Rising geopolitical tensions and protectionist sentiments, coupled with ongoing trade disputes, are leading to increased uncertainty and risk for multinationals with direct foreign investments, reports Marsh.
The global insurance broking group and risk management specialist has just released its Political Risk Map 2019, based on data from the independent risk analysis firm Fitch Solutions.
The interactive map rates more than 200 countries and territories on the basis of short- and long-term political, economic, and operational stability and offers insight into where risks are most likely to emerge. The map can be used to help multinationals make more informed decisions about how to deploy their financial resources in the year ahead.

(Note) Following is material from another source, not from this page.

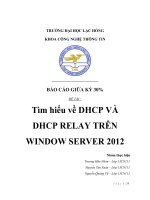 DHCP  DHCP RELAY AGENT TRÊN WINDOW SERVER 2012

Key findings of the Political Risk Map 2019 include:
- A transition to a more multi-polar world order of protectionism is likely to continue in 2019, with isolationist and protectionist sentiments and practices rising in some counties, halting, at least momentarily, the process of globalisation.

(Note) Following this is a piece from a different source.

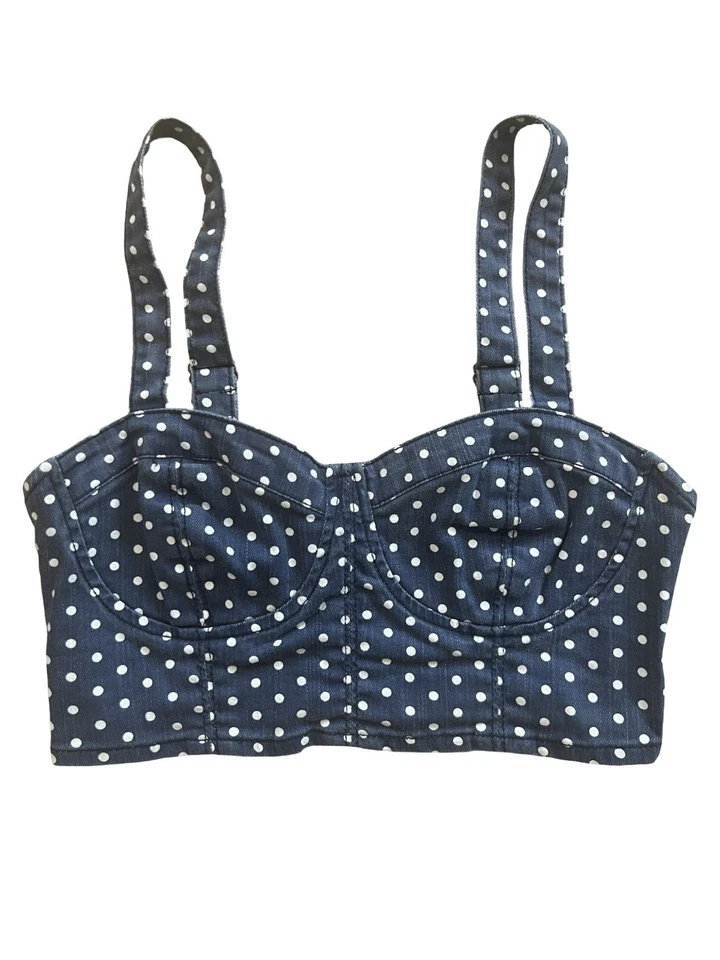 Forever 21 Denim Polka Dot Crop Top - Size XS - Image 1 of 3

- Trade tariffs and geopolitical disputes between the US and China could escalate in 2019, bringing the risk of further Chinese retaliation and US counter-retaliation. Export heavy economies, such Germany, are likely to be impacted.
- Russia’s relations with the West will remain tense in 2019 and could result in further sanctions being imposed on the country.

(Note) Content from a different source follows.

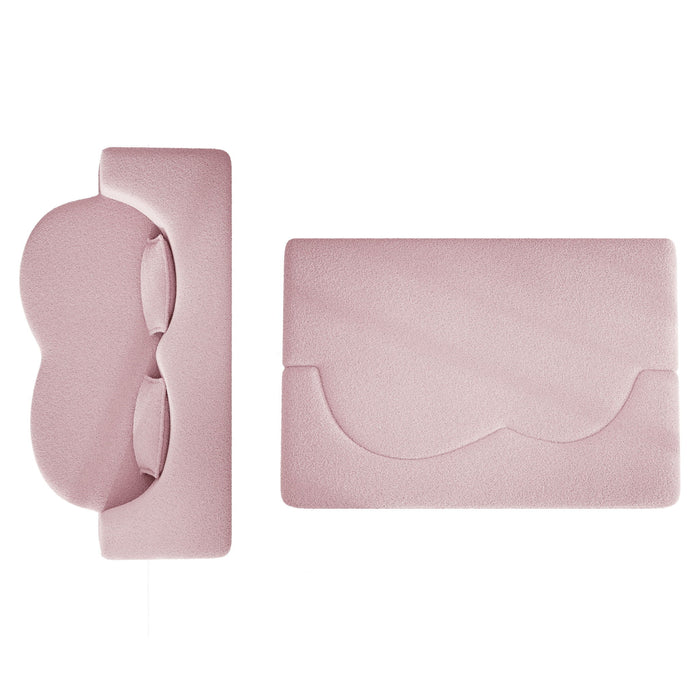 Modern Floor Sofa, With 2 Pillows, Convertible Teddy Fabric Foam Filled Bed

- The UK’s negotiations to exit the European Union still loom over the political risk landscape, while continued political instability in Spain led to a sharp decline in the country’s short-term political risk index (STPRI).
- Positive results from 2018 presidential and legislative elections in Guatemala, Chile, and Paraguay led to improved STPRI in those countries, while continued political unrest in Nicaragua significantly reduced the country’s STPRI.
- The African region has again seen some of the biggest improvements in political risk and also some of the most notable deteriorations. STPRI scores in South Africa, Mozambique, and South Sudan all improved, while uncertainty around elections and deteriorating economic and humanitarian conditions led to sharp increases in political risk in Zambia, Mali, Algeria, Tunisia, Cameroon, and the Central African Republic.
“Businesses with direct foreign investments are facing an unprecedented breadth of challenges today from emerging economies to so-called developed economies,” said Evan Freely, global practice leader, credit specialties, Marsh.
“In uncertain times, vigilance and broad, systemic risk analysis coupled with political and trade credit insurance, will be vital to minimizing these threats.”
Findings from Marsh’s Political Risk Map 2019 are similar to the World Economic Forum’s Global Risks Report 2019, which ranked rising geopolitical and geo-economic tensions as the most urgent risk in 2019.